About 44 homes, townhouses and apartments in Carnegie and Murrumbeena, which the government acquired during level crossing removal works, are being prepared for future sale, according to the Department of Treasury and Finance website.
A spokesperson for the Victorian government confirmed the properties –and others acquired during the removal of nine level crossings between Caulfield and Dandenong – would be sold.
“With a direct connection to the new Metro Tunnel due to open in 2025 and the additional housing options we’re providing in the area, Carnegie will increasingly cement itself as an attractive location for homebuyers,” the spokesperson said.
But as Victoria’s social housing waitlist grows, the government has been urged to reconsider.
“We know there is an urgent need for homes for thousands of vulnerable Victorians who are currently living in desperate circumstances,” said Emma King, the chief executive of the Victorian Council of Social Service.
“Having 44 properties that can be invested in social housing, that are close to public transport, jobs and community services, presents a fantastic opportunity.”
The Council to Homeless Persons’s chief executive, Deborah Di Natale, said the government should “use every opportunity to boost public housing, especially in areas close to public transport and jobs”.
Kerrie Byrne, a spokesperson for Save Public Housing Collective, agreed.

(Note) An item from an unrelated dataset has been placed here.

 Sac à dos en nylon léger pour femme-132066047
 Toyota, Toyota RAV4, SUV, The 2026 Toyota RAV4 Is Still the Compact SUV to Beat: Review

“It makes no sense for the state government to be selling these properties when they could have been used for tenants forced to relocate from the Barak Beacon estate in Port Melbourne, due to its planned redevelopment,” Byrne said. “Instead, many expensive properties were bought or leased for those tenants.”
Research from the RMIT’s Urban Research Institute, published in 2020, found that successive governments had “wasted decades of opportunities to address the state’s housing crisis” by selling land that could have been used for housing. They found an estimated 11,000 public housing units could have been built.
Prof Libby Porter, who worked on the study, said using the 44 government-owned properties for public housing was a “no-brainer”.
“It seems a terrible waste to at least not be having a public conversation about how we use those kinds of assets,” Porter said.
She said this was exacerbated by a lack of transparency and accountability checks and balances on how those government assets were used.
“Collectively, what do we own? And what resources do we have? And how can we use that in the current context to achieve housing justice? These are basic questions that we really should be asking” Porter said.
A KPMG urban economist, Terry Rawnsley, said while properties unsuitable for redevelopment should be converted to social or affordable housing, the government should also consider opportunities for medium-density development.
“These are the prime kind of suburbs where you do want to see greater densities,” he said.
While there was “no silver bullet” to fix the growing housing affordability crisis, Rawnsley said an increase in development in established suburbs would help.
A KPMG study released this year found greater Melbourne produced 565,000 additional homes between 2006 and 2021, though only 35% were located within a kilometre of a train station.
Last week the premier, Daniel Andrews, said the government’s “housing statement” to be released in the coming months, would seek to address this imbalance.
“We can keep on adding suburb after suburb after suburb … or we can consolidate more and more housing, with very high design standards, so that people can live closer to public transport,” he said.
One option being floated by the government is to take statutory planning powers away from local government, particularly near rail corridors. The government spokesperson said the state needed “a network of residential and employment hubs” and reforms would be announced later in the year
“[This] is why we’re focused on increasing housing supply in places with easy connections to existing transport and enormous potential for good local jobs.”